If $G\simeq K$ and $H\simeq M$ then is it true that $G/ H \simeq K / M$?

Question

Let $G$ and $K$ be groups. Let $H$ be a normal subgroup of $G$ and $M$ be a normal subgroup of $K$ such that $H\simeq M$.

Question: is $ G/H \simeq K / M$?

I am fairly certain that this is tru of the groups are finite. For example, if the groups are cyclic, then the quotients are cyclic and by orders of the groups, then quotients would have to be isomorphic.

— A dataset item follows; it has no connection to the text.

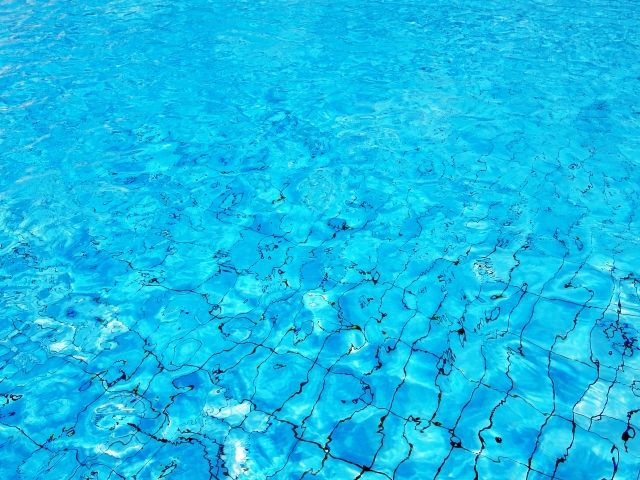 久しぶりの水風呂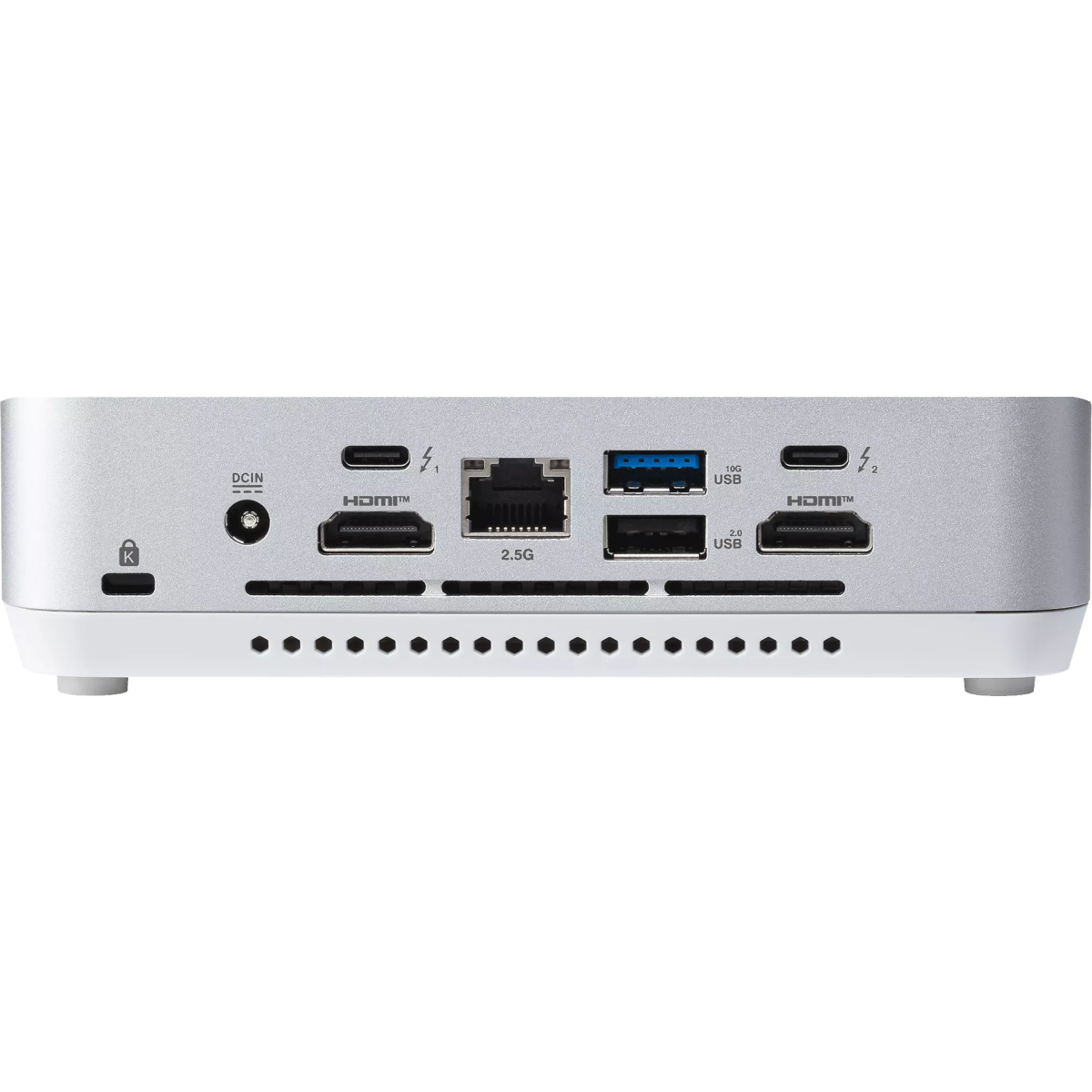 Plateforme ASUS NUC 14 Pro+ Kit (RNUC14RVSU700002I) - photo 4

But what happens when the groups are not finite?

From Does $\displaystyle \frac{G}{H}$ $\simeq$ $\displaystyle \frac{G}{K}$ $\Rightarrow$ $H$ $\simeq$ $K$? I see that the other direction is not true.

Answer 1

It does not hold for finite groups either. Let $G=K=\Bbb{Z}_4\oplus\Bbb{Z}_2$, and let $H=\langle (0,1)\rangle$ and $M=\langle(2,0)\rangle$ be the given cyclic subgroups, both of order two. Then $$ G/H\simeq\Bbb{Z}_4\qquad\text{and}\qquad K/M\simeq\Bbb{Z}_2\oplus\Bbb{Z}_2. $$ You need to have an isomorphism $f:G\to K$ such that $f(H)=M$ to be sure about the conclusion.

Answer 2

$$\frac{\mathbb Z}{2\mathbb Z}\not\cong \frac{\mathbb Z }{3\mathbb Z},$$

while $\mathbb Z\cong 2\mathbb Z \cong 3\mathbb Z$